WORK REQUIRED —
Output the entries exactly as they appear. Pictures should not be included.
[ENTRIES SHOWN]
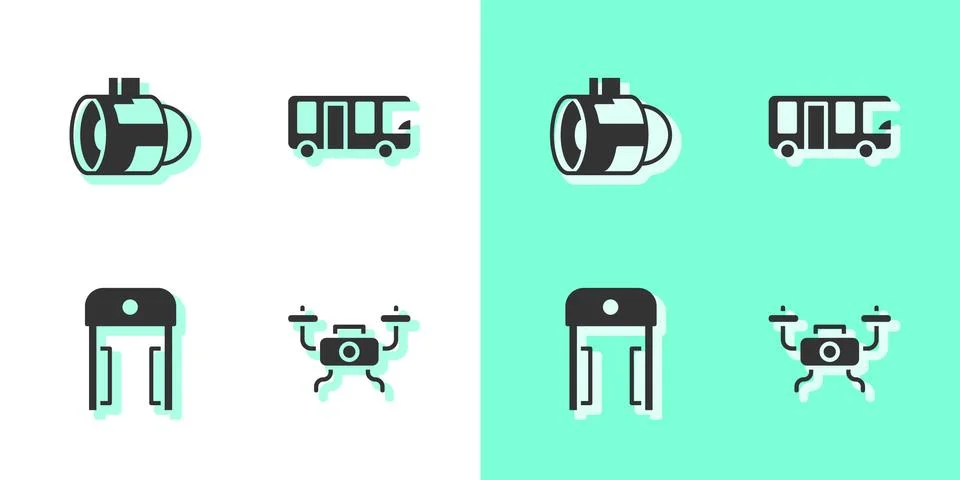 Set Drone flying, Jet engine turbine, Metal detector airport and Airport bus Stock Illustration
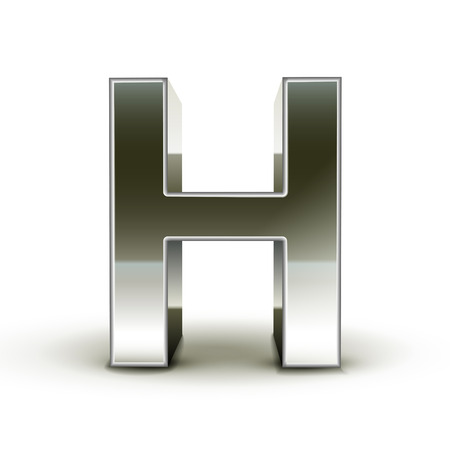 3d silver steel letter H isolated white backgroundのイラスト素材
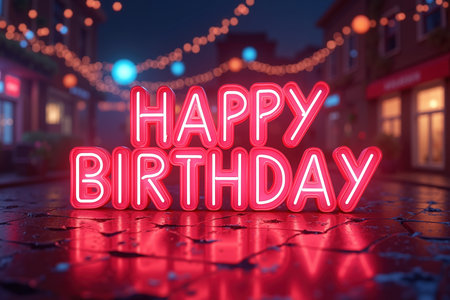Large red neon sign with white outlines on wet cobblestone, surrounded by blurred city lights and string lights.の素材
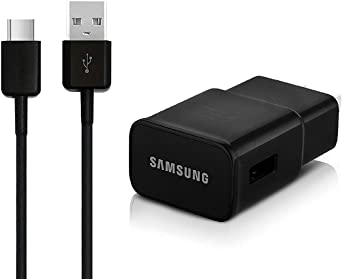 OEM Samsung Fast Adaptive Wall Adapter Charger for Galaxy S8 S8  Note 8 EP-TA20JBE   10 Foot Type C/USB-C Cable - Black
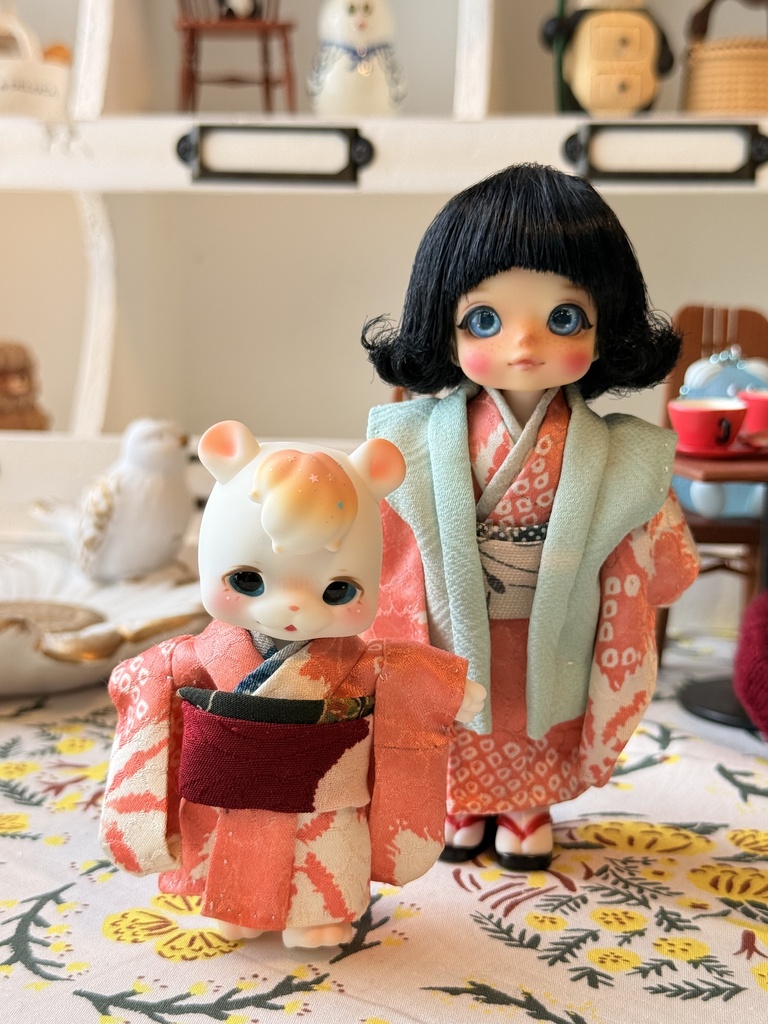 kumukuku cocoriang 正絹古布のお着物と羽織 淡朱色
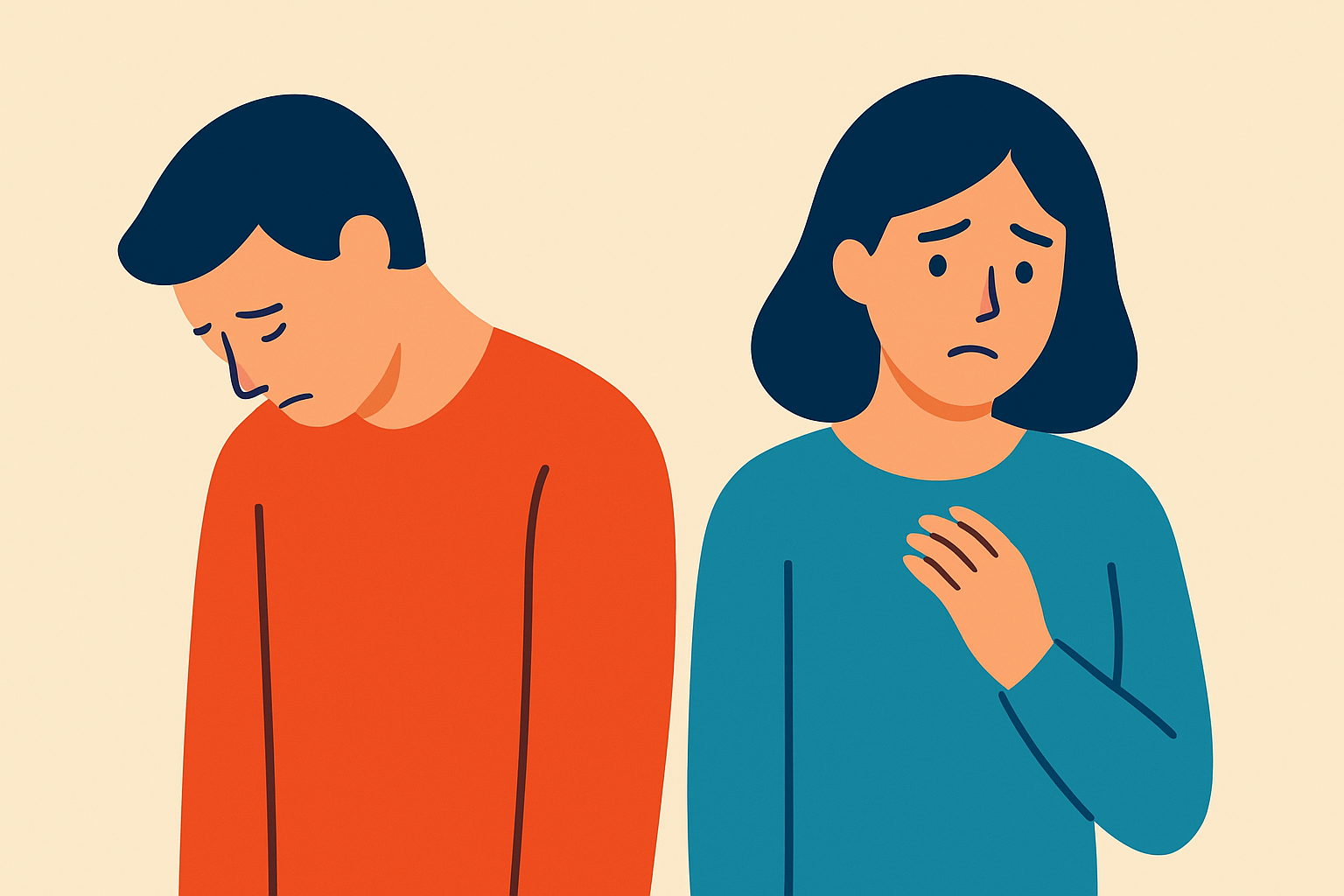 うつむいて肩を落とす人と、その隣で困った表情を浮かべる人のイメージ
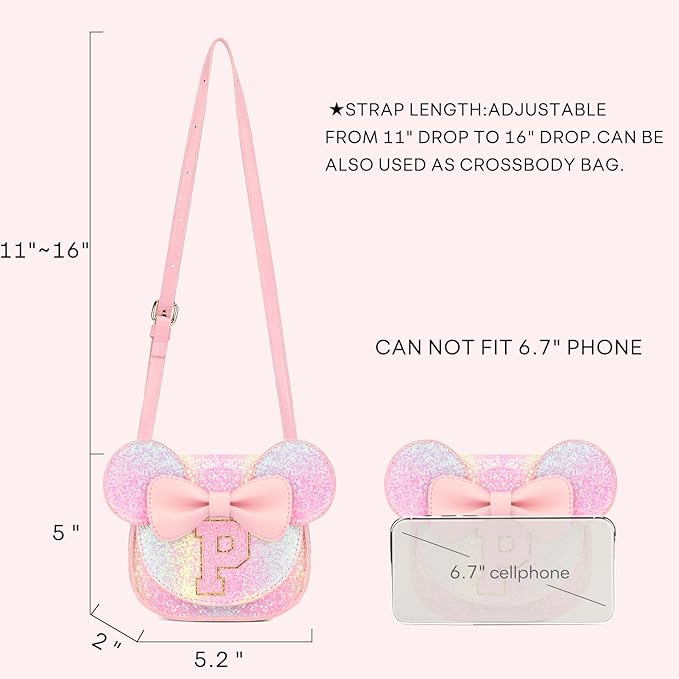 mibasies Toddler Purse Girl Gifts: Girls Birthday Gifts for 3-8 - Toys for Ages 2-4 Girls Mouse Ears Purse, Glitter Rainbow, Letter P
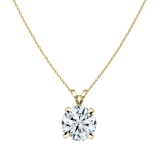 IGI Certified 3.00 Ctw Round Solitaire Lab Grown Diamond 4 Prong Pendant with 18 inch Gold Chain, 14K Yellow Gold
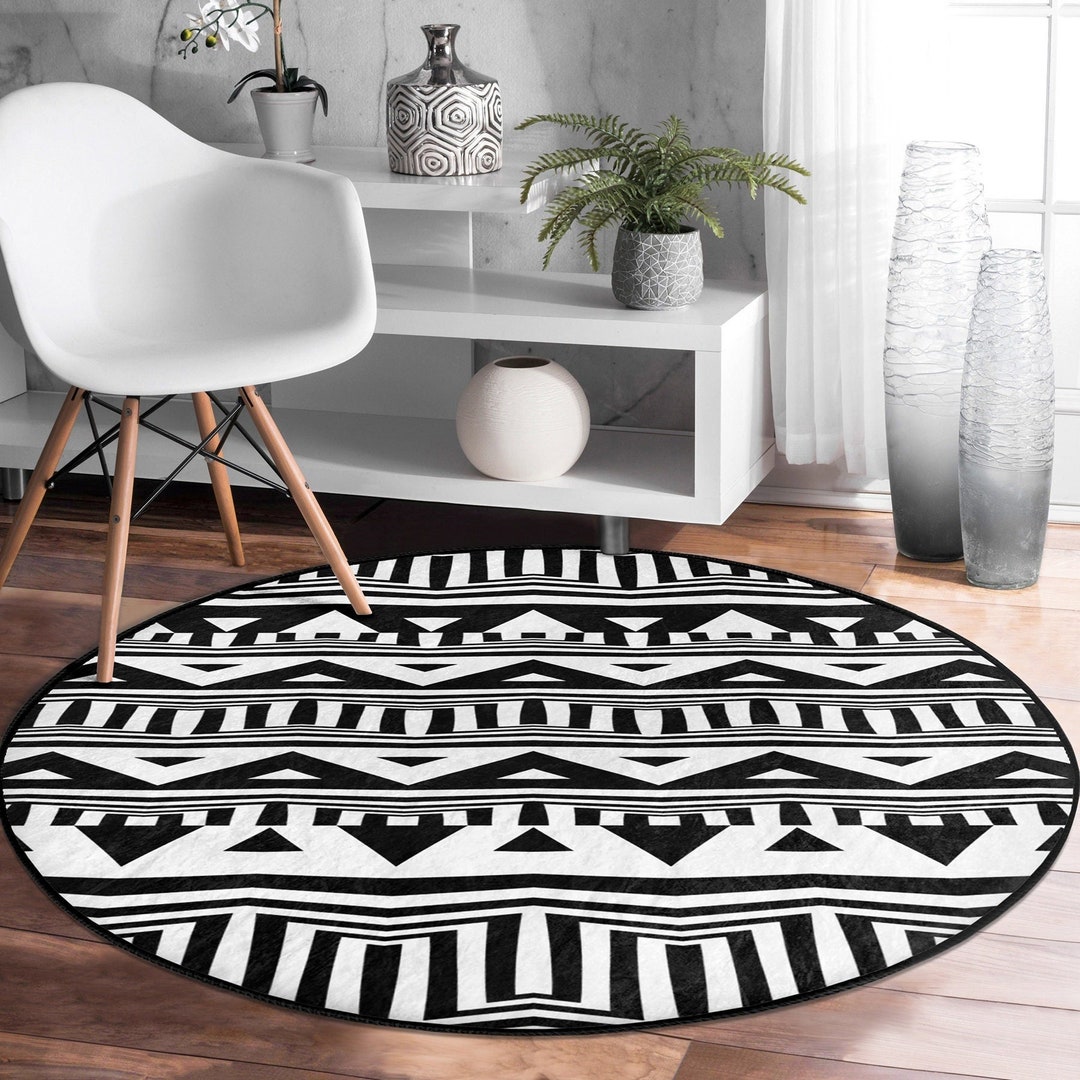 Nordic Rug Black and White Round Carpet Round Nonslip Rugs Etsy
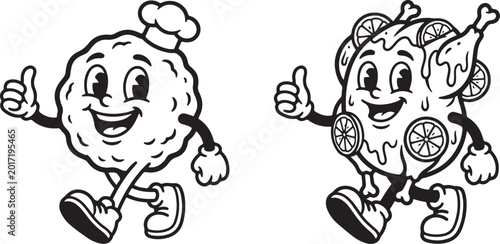 Картината върху платно Vintage Chicken Meatball Food Mascot for Restaurant Branding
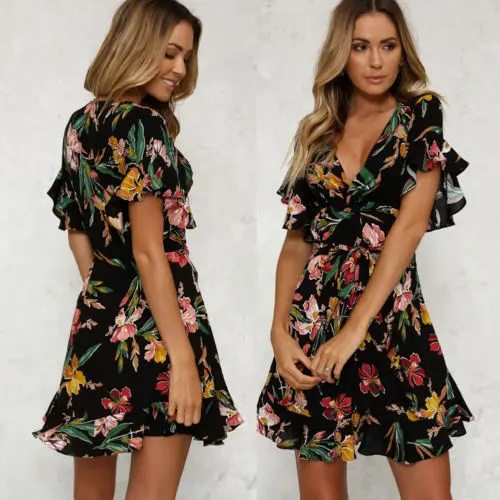

arrival Women BOHO Floral Print Beach Dress 2018 New Summer Lady Evening Party Short Sleeve V neck Mini Dress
[/ENTRIES SHOWN]
ANSWER TO THE PROBLEM —
 Set Drone flying, Jet engine turbine, Metal detector airport and Airport bus Stock Illustration
 3d silver steel letter H isolated white backgroundのイラスト素材
Large red neon sign with white outlines on wet cobblestone, surrounded by blurred city lights and string lights.の素材
 OEM Samsung Fast Adaptive Wall Adapter Charger for Galaxy S8 S8  Note 8 EP-TA20JBE   10 Foot Type C/USB-C Cable - Black
 kumukuku cocoriang 正絹古布のお着物と羽織 淡朱色
 うつむいて肩を落とす人と、その隣で困った表情を浮かべる人のイメージ
 mibasies Toddler Purse Girl Gifts: Girls Birthday Gifts for 3-8 - Toys for Ages 2-4 Girls Mouse Ears Purse, Glitter Rainbow, Letter P
 IGI Certified 3.00 Ctw Round Solitaire Lab Grown Diamond 4 Prong Pendant with 18 inch Gold Chain, 14K Yellow Gold
 Nordic Rug Black and White Round Carpet Round Nonslip Rugs Etsy
 Картината върху платно Vintage Chicken Meatball Food Mascot for Restaurant Branding

arrival Women BOHO Floral Print Beach Dress 2018 New Summer Lady Evening Party Short Sleeve V neck Mini Dress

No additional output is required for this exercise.